◆ Problem details ◆
Set down every line of the data exactly, skipping the pictures.

◆ Supplied data ◆
▽
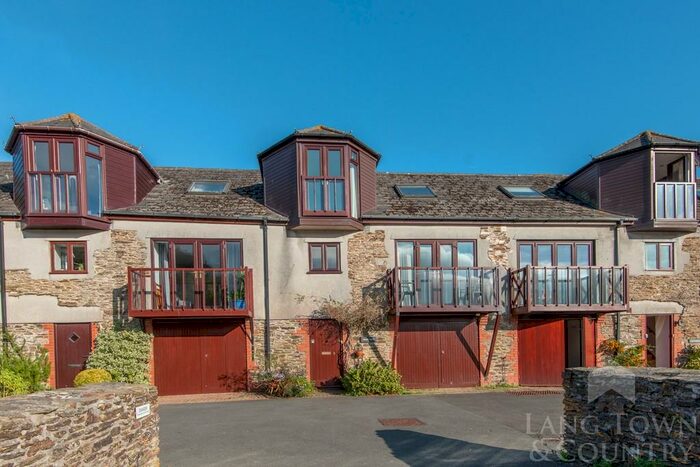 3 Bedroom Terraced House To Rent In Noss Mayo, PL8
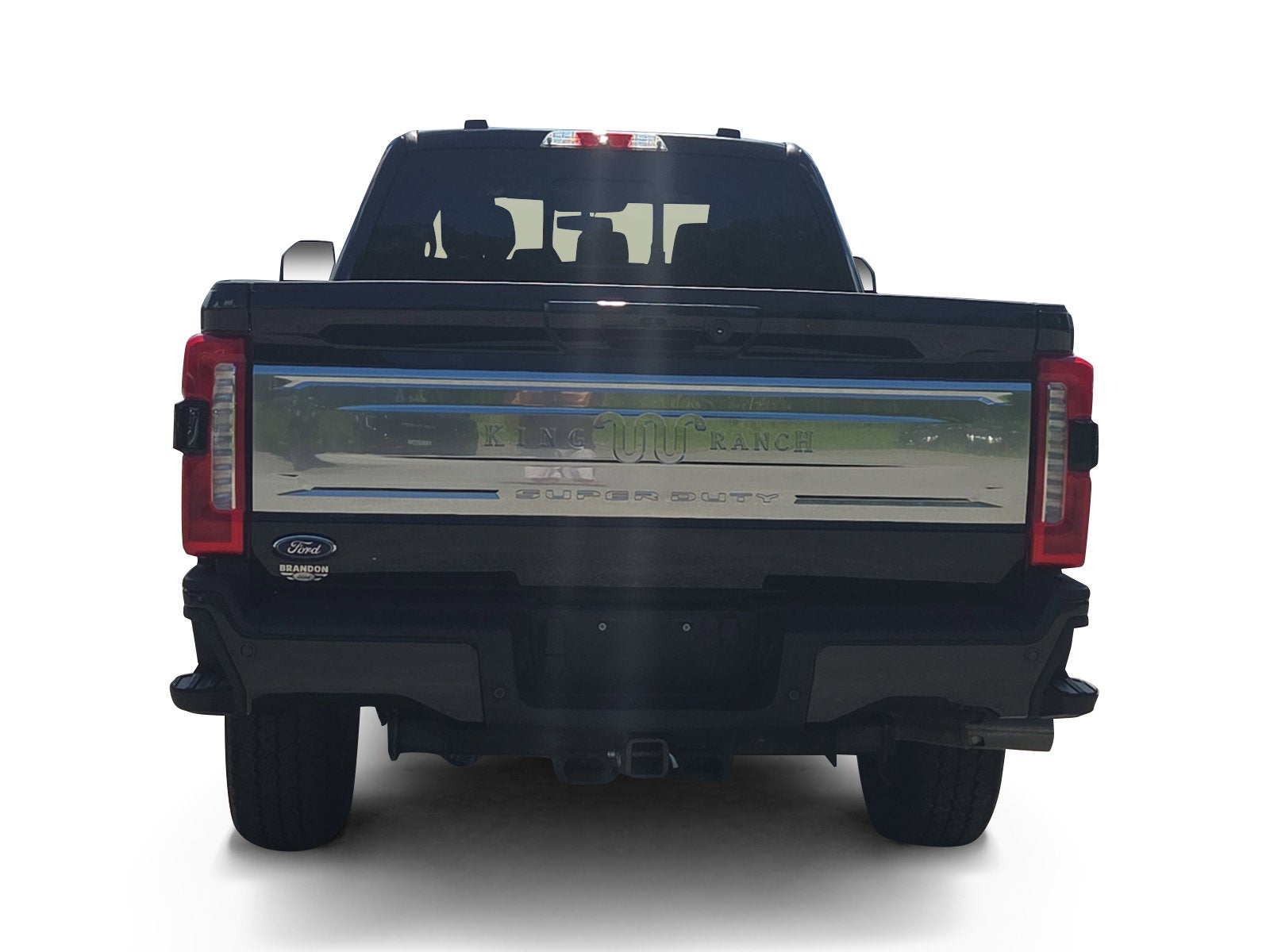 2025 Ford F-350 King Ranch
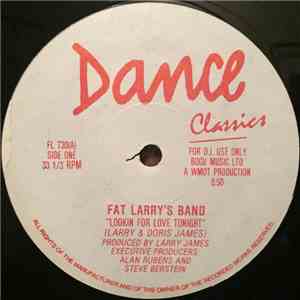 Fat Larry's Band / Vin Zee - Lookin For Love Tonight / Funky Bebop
△
◆ Answer section ◆
 3 Bedroom Terraced House To Rent In Noss Mayo, PL8
 2025 Ford F-350 King Ranch
 Fat Larry's Band / Vin Zee - Lookin For Love Tonight / Funky Bebop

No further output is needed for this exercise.